The b(ack)log

Bad sci-fi (part 1)

It was late friday night and unlike other 23 year olds Greg wasn’t out having a fun night. In fact, he was at home sitting behind his desk like almost every waking moment of the past 5 days. Pizza delivery boxes were scattered at the one side of his desk and a few empty Club Mate bottles were lying around. More importantly though, there were still one half full bottle and things were starting to tie together on his computer screen.

You may be tempted to think that this is a really sad situation for a 23 year to be in. Or maybe you are thinking that at least Greg is not getting into any trouble. You’be be wrong! With his latest work Greg is about to become a very rich man. Also, he’s about to get himself into more trouble than he could ever have imagined.

It started two weeks earlier. Annoyed as hell after being assigned “spam cleanup duty” at work and after spending at least a few hours despising the low-life spammers he got the idea. He would bet that he can write a program more intelligent than those lousy spammers. What the heck, he’d bet that he would be able to write a program to fool them into thinking his program was someone willing to pay them to spam other sites! Image the moment they realize they have been posting spam on fake web sites for weeks at the command of a computer algorithm and they won’t get a cent for their dirty work! That will be some justice!
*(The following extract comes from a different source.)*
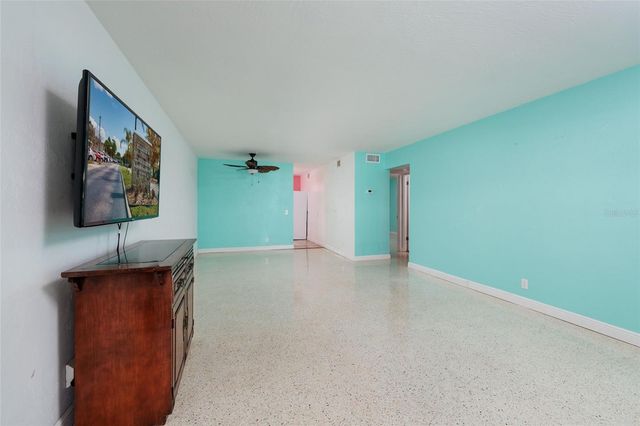 4143 57TH STREET N 501, Kenneth City, FL 33709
After growing up with a dead beat father that was in and out of prison more often that the wind changed direction Greg didn’t want any of that. He also didn’t want to keep company his dad did and he had a suspicion that the online spamming industry isn’t full of a bunch of wholesome people. He decided he would truly give his program a life of its own, a life with a real identity.
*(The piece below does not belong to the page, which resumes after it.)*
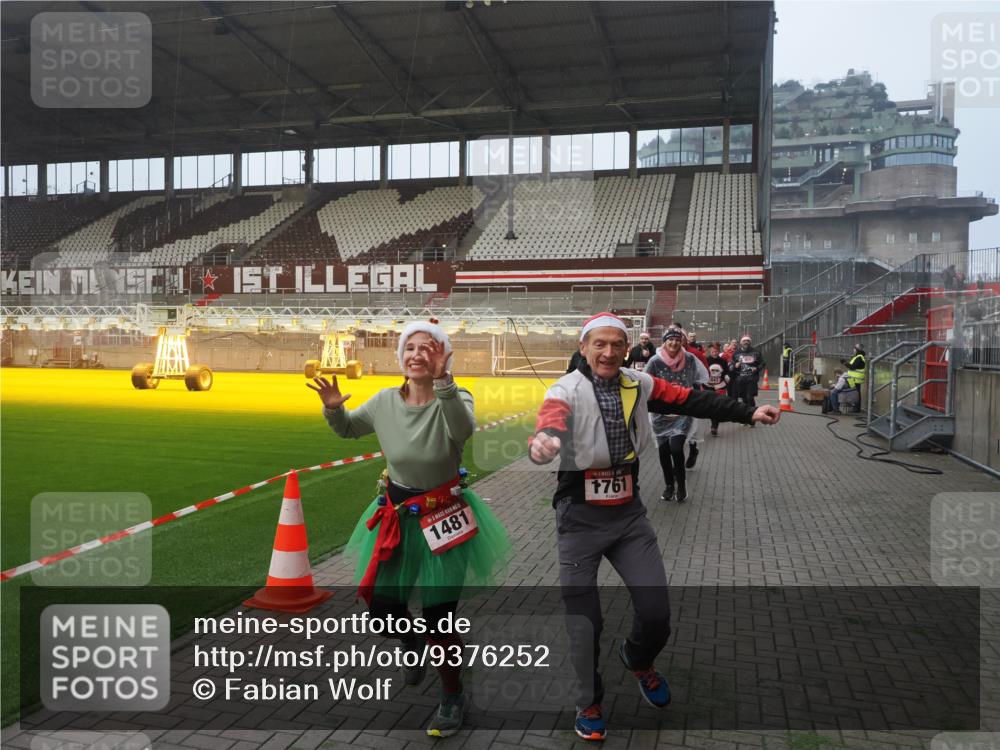 07.12.2025 - St. Pauli X-Mass-Run No. 15 Fabian Wolf http://msf.ph/oto/9376252 07.12.2025 10:05:22 Ziel 114, 543, 668, 950, 1121, 1316, 1374, 1481, 1661, 1761, 3186, 3386, 4036, 4556, 4558 meine-sportfotos.de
After searching the dark depths of the internet, he found a suitable identity. Juana Perez, US citizen living in Mexico city looking after her elderly dad and her sister’s 14 year old sun. Or at least, that is what the official records state. Reality is that Juana disappered some time ago - got involved with a boy that was still trying to prove his worth to a local gang. Her dad passed away shortly before she disappeared, wasn’t reported, noted or noticed, Mexico City had plenty of younger than 80 year old people passing away from less than natural causes. And her sister’s 14 year old son? Well, that was the reason Juana’s identity was up for sale. Juana sister has left him for dead, his grandpa was gone and he knew things wouldn’t go well for him if he asked the police to investigate Juana’s disappearance. He needed money to buy into a gang and he heard before that there is a market for an identity without a body.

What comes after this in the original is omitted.